What a way to travel.

Ken Gross, a noted authority on automobiles, has assembled 18 classic, Art Deco- and Art Moderne-inspired vehicles for a streamlined exhibition at the Frist Center for the Visual Arts in Nashville, Tenn.

Only Italy’s Gruppo Bertone could rival the designs to be found in this show, scheduled to open June 14, in a Frist gallery that was designed in 1934.

“We have an Art Deco building, and we’ve always wanted to do an Art Deco show,” says co-curator Mark Scala.  “These are cars that reflect an art movement that appealed to us.”

On display will be a 1929 Cord, a 1934 Edsel Ford Speedster, a 1934 Pierce Arrow, a 1935 Stout Scarab and a 1937 Delahaye Roadster.  That last one came complete with leather upholstery by Hermès and was called, appropriately enough, a “Paris gown on wheels.”

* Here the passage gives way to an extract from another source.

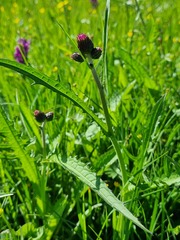 Cirsium rivulare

Three motorcycles will be featured too, including a sleek and stylish 1930 Henderson Westfall.

The exhibit is part of a national trend for museums across the nation.  The High Museum in Atlanta featured the Cofer Collection, including a 1948 Tucker, in 2010.  That show then travelled to the Portland Art Museum in Washington.  And the North Carolina Museum of Art in Raleigh plans to open an exhibition of Porsches in October.

The Frist show, though, is dedicated to a design trend that swept the world in the 1920s and ‘30s.  “It was an international phenomenon,” he says.  “There were a range of influences – like Picasso and cubism, Mondrian and geometry, and Egypt and a pared-down representation of the human body.”

Art Deco was all about linking the past to the present – and offering, as Scott Fitzgerald did in his 1933 novel “Tender Is the Night,” a glimpse into the future.

As the 1920s moved forward into the ‘30s, it evolved into the Art Moderne movement.

“Art Deco and Art Moderne overlap – there were the same impulses,” he says.  “But in the ‘30s, there was an infatuation with the aeronautical industry – of making aerodynamic designs that shout out as icons of speed.”

You can almost feel the wind slipping past your face.